Cette issue ne contredit pas l'arrêt du Tribunal fédéral 2C_772/2017 du 13 mai 2019. Les autorisations d'usage accru du domaine public permettent à la recourante d'exploiter un véhicule de taxi en bénéficiant d'un usage accru du domaine public, et cela même si la titulaire de l'autorisation y renonce, en déposant ses plaques.

Au vu de cette issue, le recours sera rejeté, dans la mesure où il est recevable.
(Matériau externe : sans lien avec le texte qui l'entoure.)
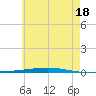 Fort Walton Beach tide chart for Tuesday, June 18, 2024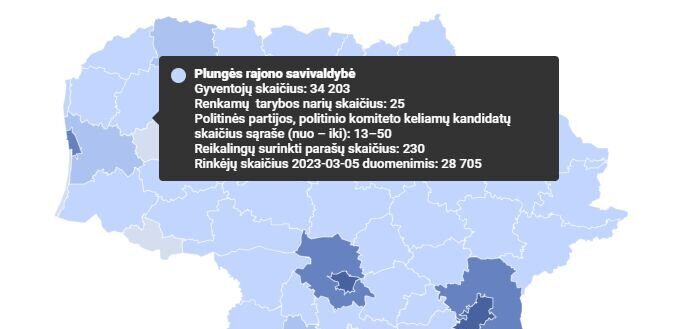 Rink­si­me tiek pat Ta­ry­bos na­rių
5) Aucune indemnité de procédure ne sera allouée à la recourante, qui succombe, et un émolument de CHF 1'000.- sera mis à sa charge (art. 87 al. 1 et 2 LPA).

* * * * *

PAR CES MOTIFS
LA CHAMBRE ADMINISTRATIVE

rejette, dans la mesure où ils sont recevables, les recours interjetés le 22 mars 2018 par A______ ;

met à la charge de la recourante un émolument de CHF 1'000.- ;

dit qu'il ne sera pas allouée d'indemnité de procédure ;

dit que, conformément aux art. 82 ss de la loi fédérale sur le Tribunal fédéral du 17 juin 2005 (LTF - RS 173.110), le présent arrêt peut être porté dans les trente jours qui suivent sa notification par-devant le Tribunal fédéral, par la voie du recours en matière de droit public ; le mémoire de recours doit indiquer les conclusions, motifs et moyens de preuve et porter la signature du recourant ou de son mandataire ; il doit être adressé au Tribunal fédéral, 1000 Lausanne 14, par voie postale ou par voie électronique aux conditions de l'art. 42 LTF. Le présent arrêt et les pièces en possession du recourant, invoquées comme moyens de preuve, doivent être joints à l'envoi ;

communique le présent arrêt à Me Jacques Roulet, avocat de la recourante, ainsi qu'au service de police du commerce et de lutte contre le travail au noir.

Siégeant : Mme Krauskopf, présidente, MM. Thélin et Verniory, Mme Payot Zen-Ruffinen, M. Mascotto, juges.

Au nom de la chambre administrative :

le greffier-juriste :

 

 

F. Scheffre

 

 

la présidente siégeant :

 

 

F. Krauskopf

 

Copie conforme de cet arrêt a été communiquée aux parties.